One thing proved true over the course of our testing: the Eiger has solid construction. We saw little wear on the upper, which is primarily made of soft nubuck leather, and is reinforced with a rubber toe rand. Along the sides of the boot is a overlay band of rubber that provides a bit of side protection but mostly adds a bit of sturdiness. Certain details indicate that Wenger is trying to build something that will really last, such as the use of metal lacing hardware that is riveted to the upper.

Wenger also outfitted the boot with a pretty good midsole that features a plastic plate running from the heel to the forefoot. From the arch to the heel, the plate sits on EVA foam to provide a support skeleton that rides on a cushioned layer. The plastic also wraps up around the lower portion of the heel to stabilize the back of the foot. From the arch forward, the plate makes the boot somewhat rigid torsionally (meaning, it won’t twist easily side to side), which is important to keep the foot stable on uneven terrain. Still, the forward portion of the plate bends easily to allow a natural stride. Finally, it creates a decent layer of armoring to protect the bottom of the boot from rocks that can bruise the foot.

The outsole is made with a rubber designed to become more or less pliable, depending on temperature. Honestly, when we used the boot in warm and cold temperatures, we couldn’t tell a difference. However, the sole gripped rocks well while scrambling, and felt especially secure when walking down sloped boulders that were damp from rain.

All together, the upper, midsole and outsole create a system that provided good cushioning and support during long dayhikes. However, we thought the boot was less comfortable when hauling a 40-pound backpack over several days. The boot relies on the outsole to cushion the forward portion of the boot, and we thought it could use a layer of foam trough this area of the midsole. Basically, the Eiger is more of a hiker than a serious backpacking boot.

We saw other areas where there’s room for improvement. For example, the soft leather on the upper has its advantages—the boot is comfortable immediately and requires no break-in time.
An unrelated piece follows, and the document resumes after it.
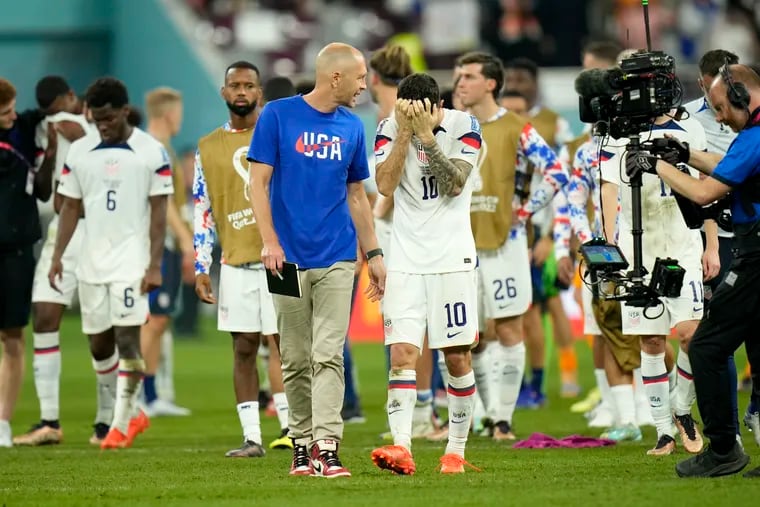 U.S. men's soccer team manager Gregg Berhalter (left) walks with a crestfallen Christian Pulisic (right) after the game.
However, the leather is a bit too thin, and we could feel the impact of rocks as we banged the boot while scrambling.

Also, while the Eiger is made with a waterproof membrane that functioned well during our testing, water seeped into the top part of the collar during stream crossings. The problem is the tongue gusset, which extends only to the fourth lace eyelet, and does not run to the top-most lace hooks meaning despite the membrane, water’s getting in through the gaps. Another issue with the tongue is that it is thin at the top, and there is not much padding, so there are some hard edges for a shin to bang against on descents.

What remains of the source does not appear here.